LEICA M Typ240 / PENTAX Super Takumar 55mm F1.8

LEICA M Typ240 / PENTAX Super Takumar 55mm F1.8 作例04

LEICA M Typ240 / PENTAX Super Takumar 55mm F1.8

タクマーは外付けビューファインダーと一緒に使うとして、レンジファインダーで使えるライカMマウントの50mmをどうするか?軽くて、ストイックで、シルバーで、という条件で、ZEISS Planar T*2/50 ZMを使うことにした。もちろんズミクロンやズミルックスという選択もあったが、できれば日本製のレンズを使いたいという安っぽい大和魂がコシナのツァイスを選んだ。このレンズもタクマーと同様、世間の評価はあまり高くないようだ。しかし何枚か撮ってみると想像通りの安定感で、すぐに手に馴染んだ。画質のピークと言われる絞りF8では抜群の画力を発揮して、格闘家のように強く頼もしいレンズだと思った。最近視力が落ちてきた自分を労り、レンジファインダーを拡大表示するマグニファイヤーと合わせてプラナーを使う。

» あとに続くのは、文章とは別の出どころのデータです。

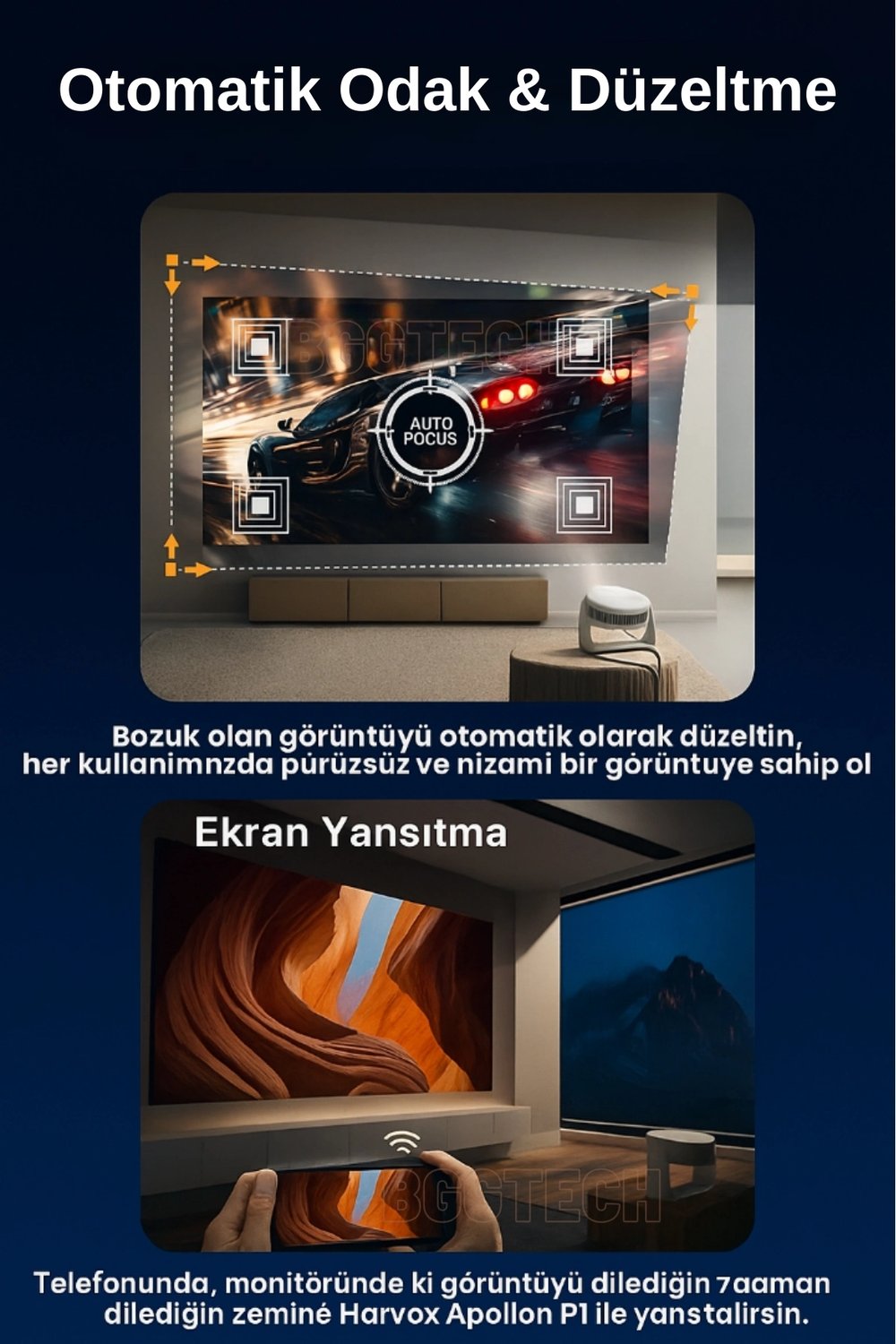 Taşınabilir 4K Destekli 1080P Projeksiyon Cihazı, Bataryalı ve Android İşletim Sistemli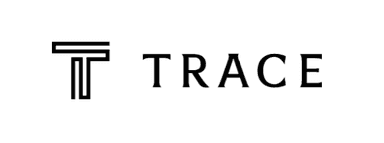 T TRACE logo of white text on a black background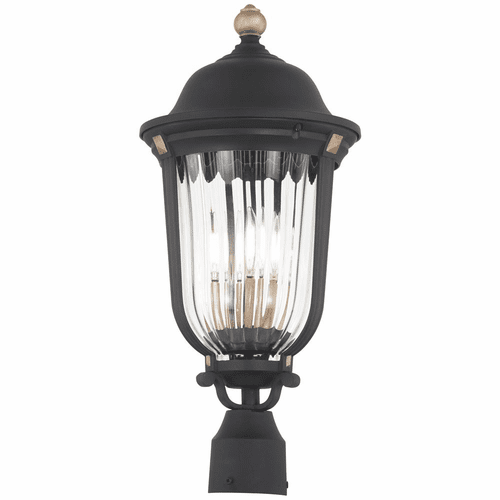 Minka Peale Street 3-LT Outdoor Post Mount - Sand Coal/Gold - 73238-738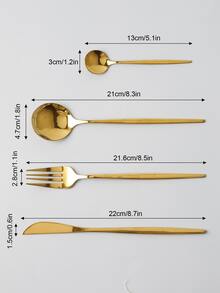 4 piezas Set cubiertos de acero inoxidable - Dorado - Ver 2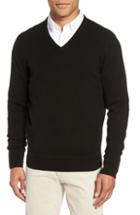 Men's Nordstrom Men's Shop V-neck Cashmere Sweater, Size - Black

LEICA M Typ240 / ZEISS Planar T*2/50 ZM 作例01

LEICA M Typ240 / ZEISS Planar T*2/50 ZM

LEICA M Typ240 / ZEISS Planar T*2/50 ZM 作例02

LEICA M Typ240 / ZEISS Planar T*2/50 ZM

LEICA M Typ240 / ZEISS Planar T*2/50 ZM 作例03

LEICA M Typ240 / ZEISS Planar T*2/50 ZM

LEICA M Typ240 / ZEISS Planar T*2/50 ZM 作例04

LEICA M Typ240 / ZEISS Planar T*2/50 ZM

ライカMというカメラに、ライカ以外のレンズを使うことは、ライカファンの皆さんにはちょっとした「非常識」かもしれない。Mマウントを多数世に出しているコシナのレンズならまだしも、アダプターをつけてタクマーを使うなんて、と。別にマイノリティーを意識しているわけでもなく、ライカ製のレンズを避けているわけでもなく、使いたいものを使うだけだ。どうもこの国では大した根拠もなく生まれた「常識」という概念が正義のように扱われることが多い。「とんかつにはソースでしょ」といった些細なことから「死んだ後の話は不謹慎でしょ」といった倫理観まで、無数の常識が世の中にはびこっている。その多くは祖先からの単なる引き継ぎもしくは多数決の産物であることに、多くの人は気づかない。ほとんどの「常識」はびっくりするくらい薄っぺらな理由によって定義されているのに、普通、そして平均的であることが正義とされる日本では、「常識」を重んじる精神性が強い気がする。そして、そうでないことを「非常識」と呼んでいる。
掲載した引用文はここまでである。